Friday 24 February 2017

AAA-PBP hoping for speaking rights after General Election's 'political earthquake'

Barry Lennon

Paul Murphy celebrates after being elected at the Citywest count centre. Photo: C’O’Riordan
Paul Murphy celebrates after being elected at the Citywest count centre. Photo: C’O’Riordan

The Anti-Austerity Alliance- People Before Profit grouping is a renewed force in Irish politics after almost doubling its support in Dáil Éireann over the weekend.

Paul Murphy hopes to gain the "magic number of seven" TDs, which will earn his party speaking rights.

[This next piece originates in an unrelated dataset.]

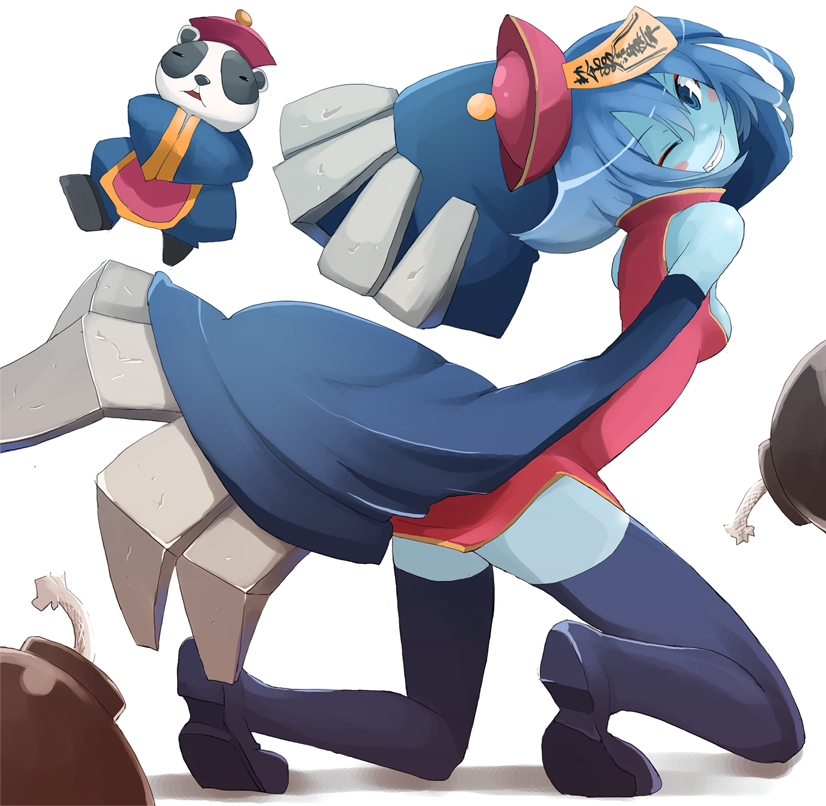 tansuke, hsien-ko, capcom, darkstalkers, 1girl, black thighhighs, blue eyes, blue hair, blue skin, blush, bomb, china dress, chinese clothes, colored skin, dress, explosive, female focus, flipped hair, hat, jiangshi, kneeling, matching hair/eyes, monster girl, one eye closed, panda, qingdai guanmao, short hair, solo, thighhighs, wink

"It means having the same amount of speaking time as Sinn Féin and Fianna Fáil had in this Dáil," he said.

The party will walk into Leinster House with at least two new deputies.

Mr Murphy claimed AAA-PBP's success will lead to "the end of the two-and-a-half party system" after winning his seat in Dublin South West.

Mr Murphy described the result of the General Election as "a political earthquake", and a sign that the "system was breaking down".

"In the context of Fine Gael and Fianna Fáil and Labour combined in a General Election being on 53-54pc... Things are changing extremely quickly in politics, if Fianna Fáil and Fine Gael are forced together, which is possible, huge political changes, more political changes can happen," he said.

Mr Murphy did not rule out sharing power with Sinn Féin and other left-wing parties.

Meanwhile, Ruth Coppinger made a renewed pledge to get anti-abortion laws repealed within three months, following her election in the Dublin South West constituency.

With the exception of Labour, other parties have not taken a firm stance on the issue.

"I think that will be a major pressure on the established parties to recognise people want to repeal the Eighth [the constitutional ban]," Ms Coppinger said.

Fight

Ms Coppinger was in a fight for the last two seats with Labour leader Joan Burton over the weekend.

However, the Government party did not perform well in other parts of the county - often as the result of AAA-PBP's surge in popularity.

Mick Barry claimed his first General Election victory in Cork North Central, which cost Labour's Junior Minister Kathleen Lynch her seat. Mr Barry said that he was delighted to take the seat - he first ran for the Dáil in 2002.

He added that he hoped he could be part of a Coalition that could bring in "anti-capitalist measures".

"If the numbers don't stack up for that, we will provide a radical opposition alternative," he said.

Mr Barry will be joined by first-timer Gino Kenny of Dublin South West, and the party is hoping for two more seats as counting continues today.

Elsewhere, re-elected TD Richard Boyd-Barrett hit out at Fine Gael, saying its bad result was from voters who "didn't feel the recovery".